Its not particularily hard. Buy and fit the components, assemble the hose and hook up the plumbing. Done. You will need rails and a reg in order to go equal length parallel properly (because the OEM reg is built into one rail, so is awkward to circumvent). And you will want injectors aswell, as theres not much point upgrading the plumbing otherwise. Having an external surge can is definately an advantage, not just for anti-surge benifits. But also because an external can will allow for big or multiple pumps. (Which you will need at a certain power level anyways, again, probably before the need to do much more than pump and injectors.)

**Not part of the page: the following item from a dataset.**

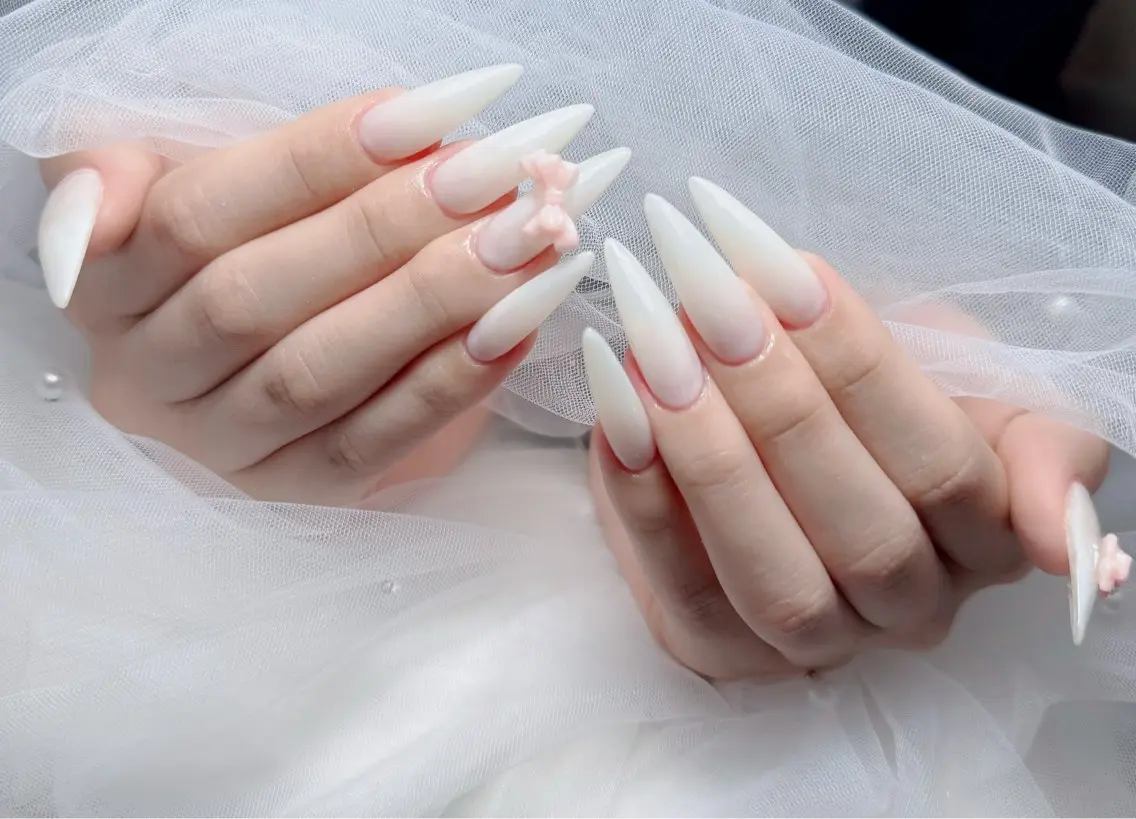 ネイル チークネイル 長さ出し フラッシュネイル フレンチネイル グラデーション ハンドネイル Lenie Nail Salonのネイルデザイン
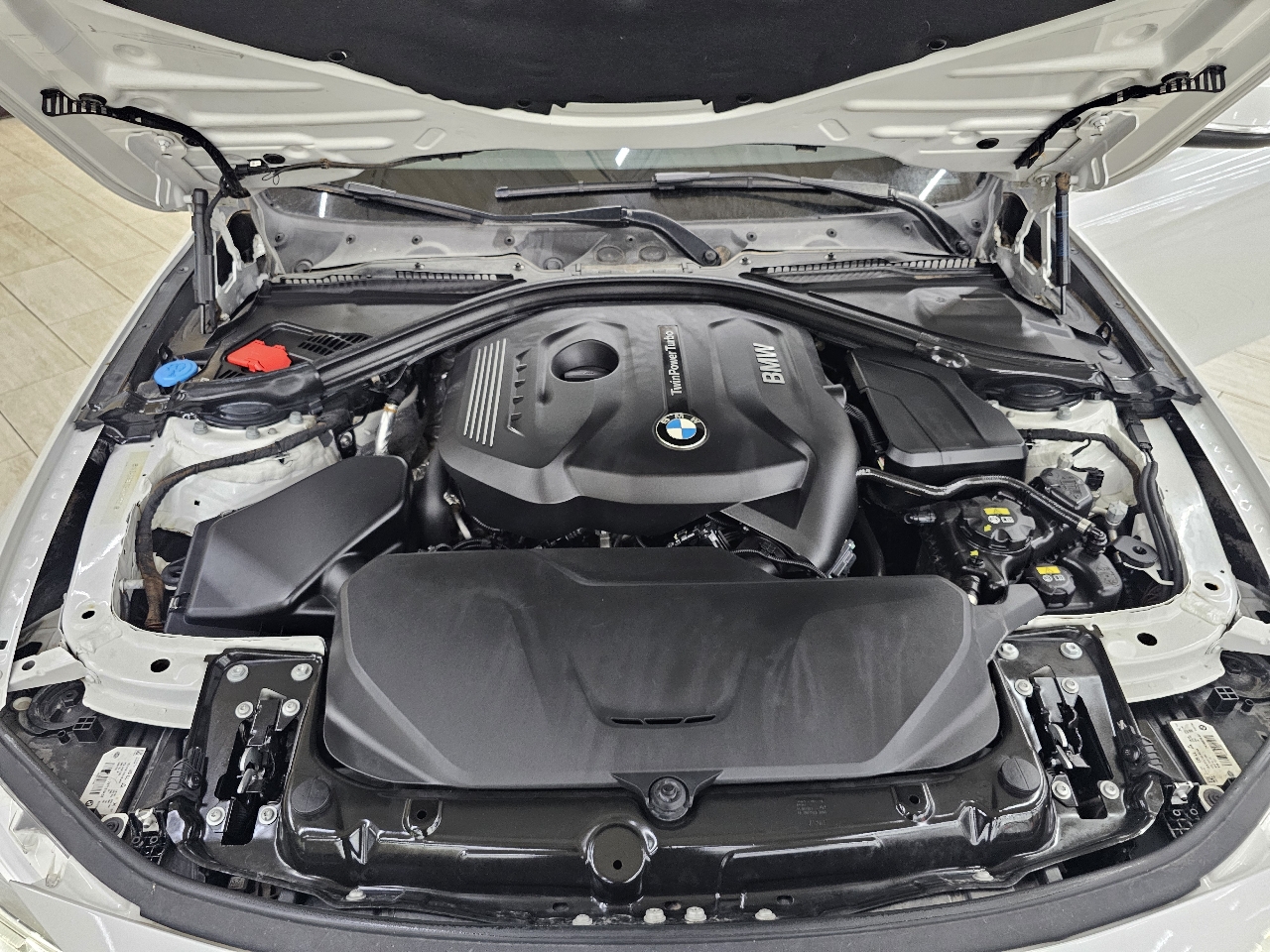 BMW 3-Series 330i SULEV Sedan 2017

You dont need to use AN plumbing. It is kinda expensive. But it is used on alot of fuel rails and regulators and such. It does bolt together and is pretty secure in that reguard. If you do use it, make sure its the teflon tube variety, not the rubber hose variety. And make sure its a name brand like Speedflow, aeroflow, earls etc bought from a reputable supplier. Plenty of less than perfect hose and fittings out there that might be ok for some uses, but not fuel. Also, plan out your system so you only need to do one parts order. -6 or 3/8 will be fine for most users. Although if you want to support real high power then you could look at -8 feed. Along with multiple pump setup.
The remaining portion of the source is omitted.